Beaufort takes a menacing step forward. “Are you sure about that?”
“He’s up in his room with some girl,” the boy with the joint says.
“Number?” Beaufort asks, although I’m sure he already knows it.
“Seven.”
Beaufort nods, then holds out his hand.
The boy hesitates, then passes him the joint hurriedly.
Beaufort twists it in his fingers, examining it and sniffing the smoke. Then he brings it to his lips, clamps it in his mouth, and inhales deeply, eyes open and not leaving the group of boys in front of us. The spliff crackles, the end glowing.
Holding the smoke in his lungs, he removes the spliff, then lets the smoke curl like a snake from his lips as he passes me the joint.
I look at it. It’s barely a butt. I take a couple of puffs on it, the weed making my head buzz – a buzz that matches the anticipation in my veins.
When I’m done, I drop it to the floor and crush it into the stone floor with the heel of my boot.
Then I’m following Beaufort up the stairs, the boys still silent below us as if they daren’t speak.
Room seven is the first on the left.
Beaufort rests his ear against the door. “He’s in there,” he whispers, disapproval written all over his face. “You ready?”
I nod.
Beaufort takes a step backwards, lifts his arms and blasts the door clean away, the piece of wood flying from the doorway, through the room beyond and crashing against a window, glass and wood splintering everywhere.
My friend always likes to make an entrance.
A high-pitched scream issues from inside the room and when we step inside we find a couple in bed together, both scrambling around for clothes.
We don’t give them the chance to find any. I march straight over to the girl, some curvy thing with big blue eyes, grab ahold of her upper arm and drag her from the bed. She’s wearing panties and nothing else.
“Out!” I order her, flinging her in the direction of the door. Covering her tits with her arms, she scurries away, leaving the boy I assume is Stanley scrabbling to pull on a pair of boxers.
“What the hell,” he mutters.
He’s tall and built with a little muscle.

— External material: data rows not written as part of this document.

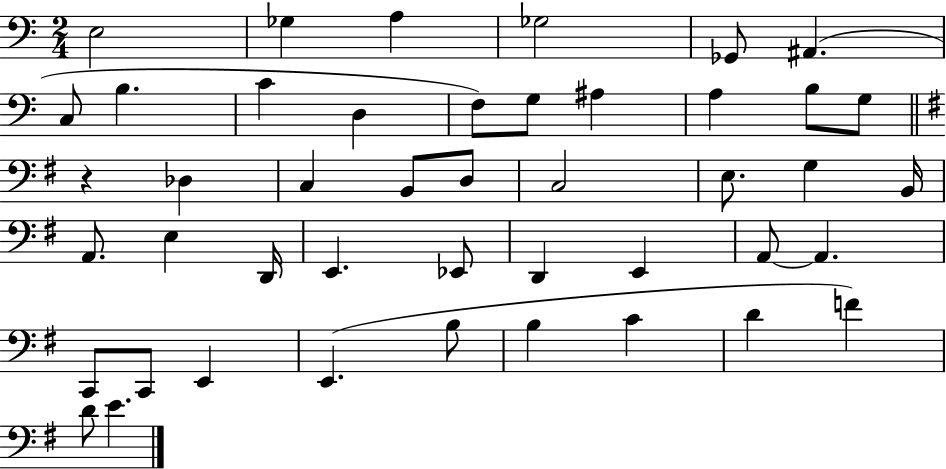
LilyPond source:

{
  \clef bass
  \numericTimeSignature
  \time 2/4
  \key c \major
  e2 | ges4 a4 | ges2 | ges,8 ais,4.( | \break c8 b4. | c'4 d4 | f8) g8 ais4 | a4 b8 g8 | \break \bar "||" \break \key g \major r4 des4 | c4 b,8 d8 | c2 | e8. g4 b,16 | \break a,8. e4 d,16 | e,4. ees,8 | d,4 e,4 | a,8~~ a,4. | \break c,8 c,8 e,4 | e,4.( b8 | b4 c'4 | d'4 f'4) | \break d'8 e'4. | \bar "|."
}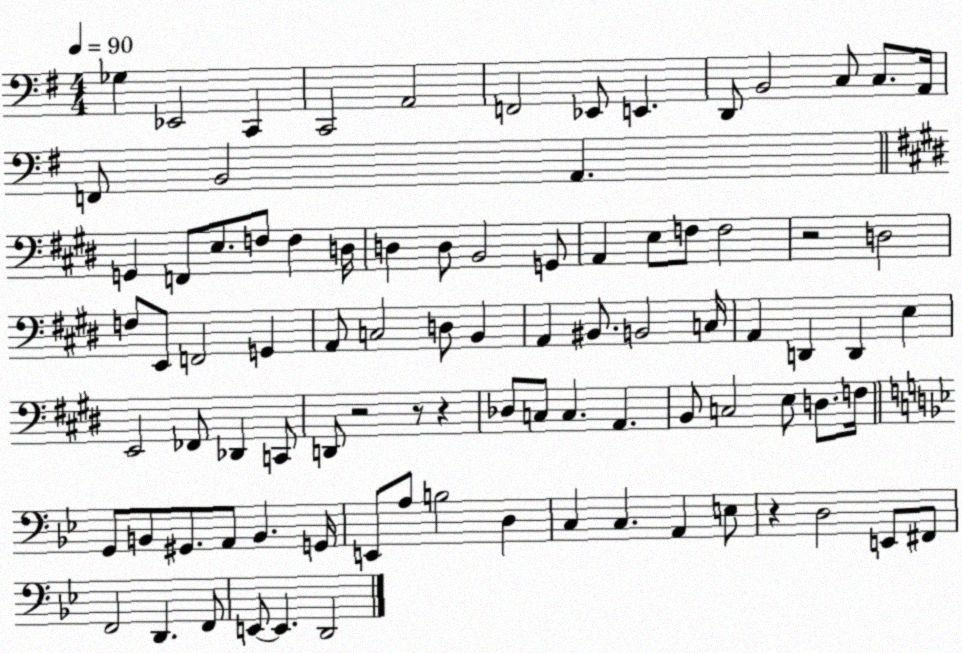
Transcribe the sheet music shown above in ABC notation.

Not as lean as most of the kids from Slate Quarter. Probably stronger than them which is why he’s been throwing his weight around. Although why the fuck he’d hurt our girl, I can’t understand.

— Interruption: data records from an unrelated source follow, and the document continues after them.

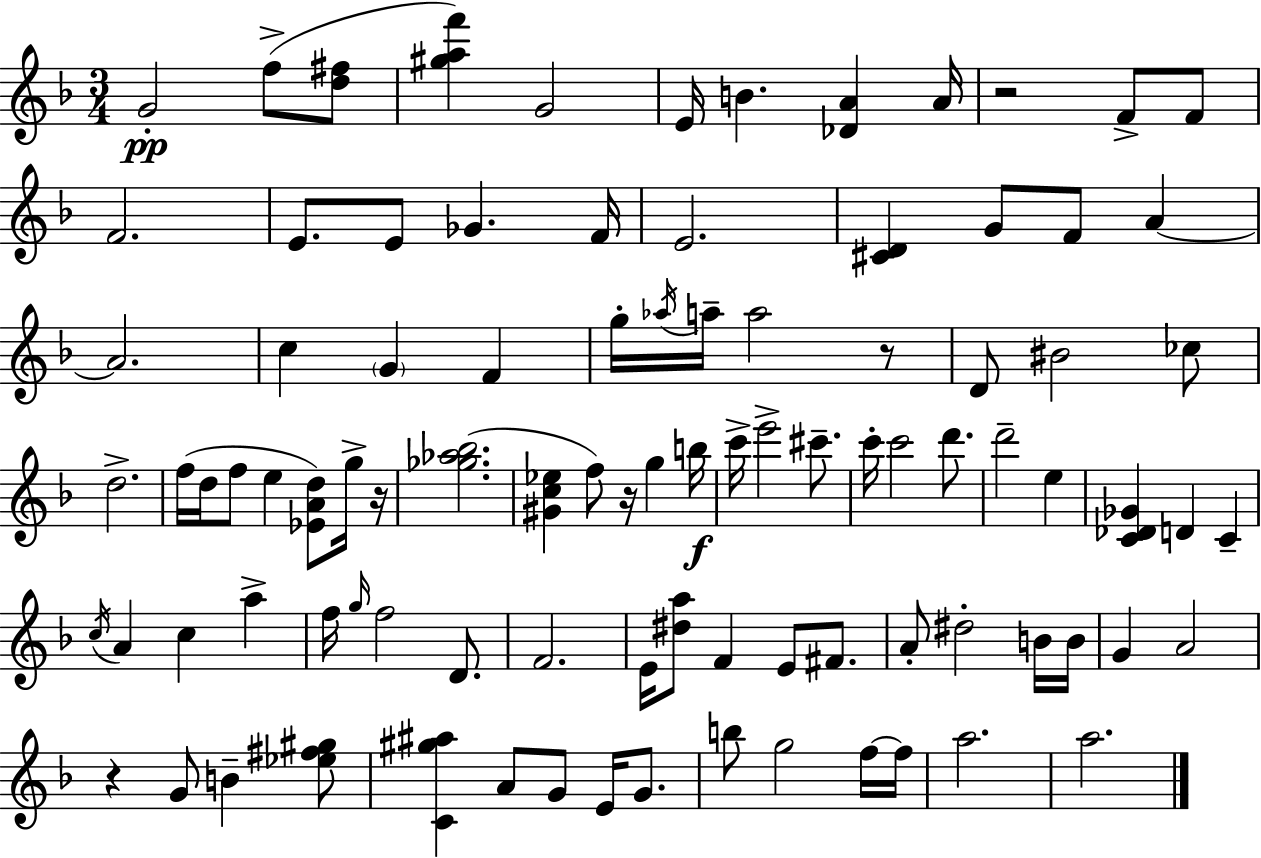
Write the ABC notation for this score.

X:1
T:Untitled
M:3/4
L:1/4
K:F
G2 f/2 [d^f]/2 [^gaf'] G2 E/4 B [_DA] A/4 z2 F/2 F/2 F2 E/2 E/2 _G F/4 E2 [^CD] G/2 F/2 A A2 c G F g/4 _a/4 a/4 a2 z/2 D/2 ^B2 _c/2 d2 f/4 d/4 f/2 e [_EAd]/2 g/4 z/4 [_g_a_b]2 [^Gc_e] f/2 z/4 g b/4 c'/4 e'2 ^c'/2 c'/4 c'2 d'/2 d'2 e [C_D_G] D C c/4 A c a f/4 g/4 f2 D/2 F2 E/4 [^da]/2 F E/2 ^F/2 A/2 ^d2 B/4 B/4 G A2 z G/2 B [_e^f^g]/2 [C^g^a] A/2 G/2 E/4 G/2 b/2 g2 f/4 f/4 a2 a2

“Stanley?” Beaufort asks him.
“Yeah,” he says, pulling a shirt over his head and trying to stand up tall as if he isn’t intimidated by us, when it’s clear he is.
My bond brother lifts his hands again and this time sends the asshole flying across the room and smashing into the broken wood and glass.

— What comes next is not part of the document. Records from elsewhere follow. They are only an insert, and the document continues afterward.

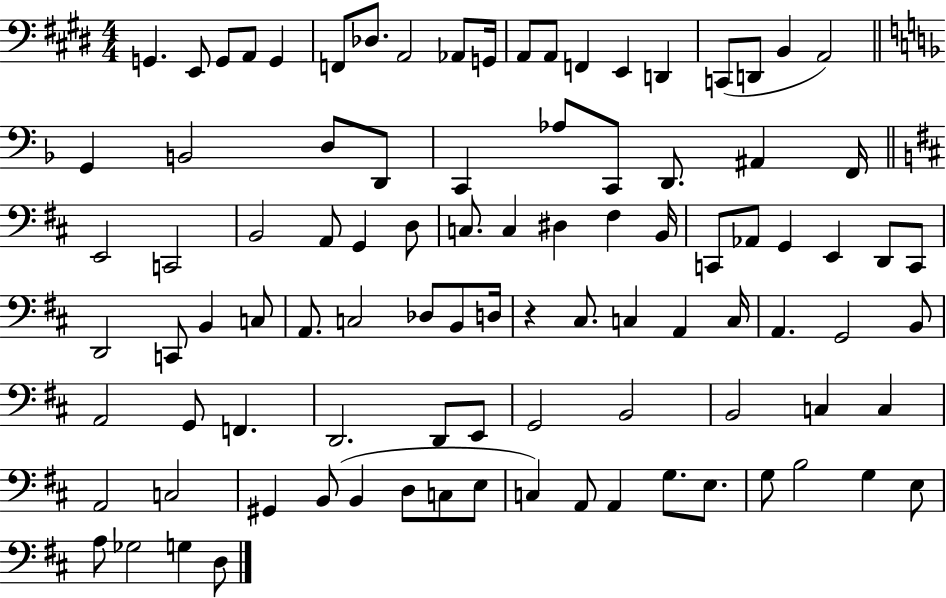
{
  \clef bass
  \numericTimeSignature
  \time 4/4
  \key e \major
  g,4. e,8 g,8 a,8 g,4 | f,8 des8. a,2 aes,8 g,16 | a,8 a,8 f,4 e,4 d,4 | c,8( d,8 b,4 a,2) | \break \bar "||" \break \key f \major g,4 b,2 d8 d,8 | c,4 aes8 c,8 d,8. ais,4 f,16 | \bar "||" \break \key d \major e,2 c,2 | b,2 a,8 g,4 d8 | c8. c4 dis4 fis4 b,16 | c,8 aes,8 g,4 e,4 d,8 c,8 | \break d,2 c,8 b,4 c8 | a,8. c2 des8 b,8 d16 | r4 cis8. c4 a,4 c16 | a,4. g,2 b,8 | \break a,2 g,8 f,4. | d,2. d,8 e,8 | g,2 b,2 | b,2 c4 c4 | \break a,2 c2 | gis,4 b,8( b,4 d8 c8 e8 | c4) a,8 a,4 g8. e8. | g8 b2 g4 e8 | \break a8 ges2 g4 d8 | \bar "|."
}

He hits the debris with an oof .
“Hey man, what I–”
Beaufort sends another blast of magic hurtling towards him, hitting him right in the belly. He groans, folding over in half.
“I don’t know what this is about but I–” he mutters.
Beaufort isn’t in the mood for talking. He targets him with a volley of vicious magic. It’s not enough to kill or maim. It is enough to hurt – possibly scar. The boy jolts around on the floor, moaning and groaning with every impact, curling up into a tight ball.
Beaufort stops, his shoulders heaving. He turns and looks at me.
“Want a go?” he asks.
“Yes,” I reply.
I walk over to the far side of the room, splinters of glass crunching under my boots, and grab hold of the boy by his neck. His eyes are swimming around in their sockets as he struggles to focus on our faces.
“Know who we are?” Beaufort asks him.
“Yeah, but I don’t know what–”
“The girl,” he says, as I squeeze his throat, “you don’t touch her ever again.”
“The girl?” his brow crinkles in genuine confusion. “That girl just now?”
“Briony Storm,” I tell him, liking the sound of her name in my mouth.
“Briony!” he says, eyebrows leaping up his forehead and a smirk forming on his lips. “This is about Briony? Man, she’s not worth–”
I swing back my fist and slam it right into his mouth. Despite my gloves, I feel a tooth crack against my knuckles and when I withdraw my hand, his mouth is full of blood.
“The black eye,” Beaufort growls from behind me. “You gave it to her. Only seems right that we repay the favor.”
I hit the boy again, this time right against his cheekbone. Tomorrow he’ll have a shiner blacker than the depths of night and everyone will know who gave it to him.